GC Services Limited Partnership ("GC") is a privately held limited partnership. GC is authorized to transact business in North Carolina and holds a collection agency license issued by the North Carolina Department of Revenue. GC was misdesignated as GC Services LLC.
Plaintiff alleges that "GC Services" obtained access to plaintiff's credit report on April 6, 2012. Plaintiff alleges that GC did not have a prior established business relationship with her, GC did not make a bona fide offer of credit to her, GC was not a current creditor of her, GC was not monitoring a current consumer account, plaintiff did not place a mortgage application with GC, and plaintiff never initiated a credit transaction with GC.

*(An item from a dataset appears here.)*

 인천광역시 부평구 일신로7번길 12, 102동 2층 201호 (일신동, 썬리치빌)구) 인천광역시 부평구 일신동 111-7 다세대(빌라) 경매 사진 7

Plaintiff alleges receiving two phone calls on September 7, 2012 at 9:45 a.m. and on September 8, 2012 at 11:08 a.m. She contends the calls were made by GC to a telephone number assigned to a cellular phone and the calls were made with an automated dialing system without the prior express consent of the plaintiff.
DISCUSSION
I. GC SERVICES INTERNATIONAL, LLC, GC SERVICES CORP., AND GC SERVICES, LLC.
Plaintiff voluntarily dismissed defendants GC Services International, LLC, GC Services Corp., and GC Services, LLC from her complaint. Plaintiff also voluntarily dismissed counts III, VI, VII, X, and XI from her complaint. Accordingly these defendants' motion to dismiss [DE 9] is denied as moot.
II. GC'S MOTION TO DISMISS COUNTS II AND V.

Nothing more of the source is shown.